DATA RECORDS ::

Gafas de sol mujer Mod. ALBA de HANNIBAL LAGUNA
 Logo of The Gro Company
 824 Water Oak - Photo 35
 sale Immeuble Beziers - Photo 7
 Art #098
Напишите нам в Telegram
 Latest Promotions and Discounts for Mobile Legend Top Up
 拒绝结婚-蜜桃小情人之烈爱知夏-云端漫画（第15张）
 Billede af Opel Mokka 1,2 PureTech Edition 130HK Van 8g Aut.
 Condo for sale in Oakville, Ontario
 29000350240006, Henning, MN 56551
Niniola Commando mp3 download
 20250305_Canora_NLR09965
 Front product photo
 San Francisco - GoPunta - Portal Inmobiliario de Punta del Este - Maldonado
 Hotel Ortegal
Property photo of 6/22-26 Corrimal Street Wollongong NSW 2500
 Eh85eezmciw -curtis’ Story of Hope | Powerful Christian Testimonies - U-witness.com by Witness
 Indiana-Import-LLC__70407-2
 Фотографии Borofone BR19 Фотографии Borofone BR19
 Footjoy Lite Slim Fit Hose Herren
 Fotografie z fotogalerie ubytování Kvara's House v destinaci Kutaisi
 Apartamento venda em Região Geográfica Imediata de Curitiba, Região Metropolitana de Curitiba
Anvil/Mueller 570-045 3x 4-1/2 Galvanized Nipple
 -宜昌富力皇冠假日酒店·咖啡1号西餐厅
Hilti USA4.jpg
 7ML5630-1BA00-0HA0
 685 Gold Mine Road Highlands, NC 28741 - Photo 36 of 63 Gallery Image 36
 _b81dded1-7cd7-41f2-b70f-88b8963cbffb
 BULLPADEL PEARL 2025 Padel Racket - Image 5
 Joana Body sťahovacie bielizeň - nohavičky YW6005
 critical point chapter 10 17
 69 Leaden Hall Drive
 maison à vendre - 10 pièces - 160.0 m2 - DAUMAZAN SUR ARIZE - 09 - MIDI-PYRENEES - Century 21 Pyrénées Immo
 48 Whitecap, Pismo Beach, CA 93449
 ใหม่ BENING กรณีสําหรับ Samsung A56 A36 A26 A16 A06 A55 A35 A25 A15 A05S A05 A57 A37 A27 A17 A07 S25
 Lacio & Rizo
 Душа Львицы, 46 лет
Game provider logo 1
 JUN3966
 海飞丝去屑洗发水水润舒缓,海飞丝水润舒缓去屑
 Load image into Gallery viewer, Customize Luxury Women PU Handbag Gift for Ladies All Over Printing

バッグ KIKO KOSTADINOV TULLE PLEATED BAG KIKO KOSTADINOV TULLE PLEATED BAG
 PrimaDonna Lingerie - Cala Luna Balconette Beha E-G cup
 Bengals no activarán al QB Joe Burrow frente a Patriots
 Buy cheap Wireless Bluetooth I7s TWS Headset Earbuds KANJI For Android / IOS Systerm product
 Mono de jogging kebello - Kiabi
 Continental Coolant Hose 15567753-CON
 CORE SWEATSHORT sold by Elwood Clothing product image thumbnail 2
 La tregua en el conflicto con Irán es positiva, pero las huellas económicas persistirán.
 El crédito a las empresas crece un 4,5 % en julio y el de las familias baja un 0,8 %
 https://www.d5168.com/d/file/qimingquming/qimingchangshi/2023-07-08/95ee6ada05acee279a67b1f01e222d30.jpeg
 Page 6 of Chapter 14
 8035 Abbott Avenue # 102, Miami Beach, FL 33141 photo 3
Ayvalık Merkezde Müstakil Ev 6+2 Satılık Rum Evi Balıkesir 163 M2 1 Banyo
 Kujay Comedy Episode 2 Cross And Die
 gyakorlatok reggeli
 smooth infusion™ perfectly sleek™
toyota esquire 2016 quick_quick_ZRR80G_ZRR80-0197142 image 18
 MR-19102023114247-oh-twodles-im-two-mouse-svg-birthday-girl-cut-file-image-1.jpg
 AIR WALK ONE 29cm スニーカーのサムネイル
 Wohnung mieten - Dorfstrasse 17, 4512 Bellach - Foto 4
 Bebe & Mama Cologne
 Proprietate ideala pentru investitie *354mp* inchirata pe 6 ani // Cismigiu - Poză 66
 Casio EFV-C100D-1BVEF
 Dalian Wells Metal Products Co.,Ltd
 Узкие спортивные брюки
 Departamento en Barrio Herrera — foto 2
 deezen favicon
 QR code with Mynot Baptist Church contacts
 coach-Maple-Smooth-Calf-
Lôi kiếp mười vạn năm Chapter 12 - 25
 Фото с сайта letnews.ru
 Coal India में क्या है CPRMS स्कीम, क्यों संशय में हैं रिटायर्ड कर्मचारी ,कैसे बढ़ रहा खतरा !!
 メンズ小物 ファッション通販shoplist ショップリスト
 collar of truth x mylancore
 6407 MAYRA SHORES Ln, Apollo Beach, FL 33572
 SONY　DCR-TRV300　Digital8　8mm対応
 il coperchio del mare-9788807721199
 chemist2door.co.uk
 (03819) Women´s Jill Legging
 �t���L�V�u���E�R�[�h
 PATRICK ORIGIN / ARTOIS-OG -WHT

ABOUT THIS TASK :: Copy exactly the stretch of data above from the line with "QR code with Mynot Baptist Church contacts" through the line with "6407 MAYRA SHORES Ln, Apollo Beach, FL 33572", and omit all other lines.

ANSWER SPACE ::
 QR code with Mynot Baptist Church contacts
 coach-Maple-Smooth-Calf-
Lôi kiếp mười vạn năm Chapter 12 - 25
 Фото с сайта letnews.ru
 Coal India में क्या है CPRMS स्कीम, क्यों संशय में हैं रिटायर्ड कर्मचारी ,कैसे बढ़ रहा खतरा !!
 メンズ小物 ファッション通販shoplist ショップリスト
 collar of truth x mylancore
 6407 MAYRA SHORES Ln, Apollo Beach, FL 33572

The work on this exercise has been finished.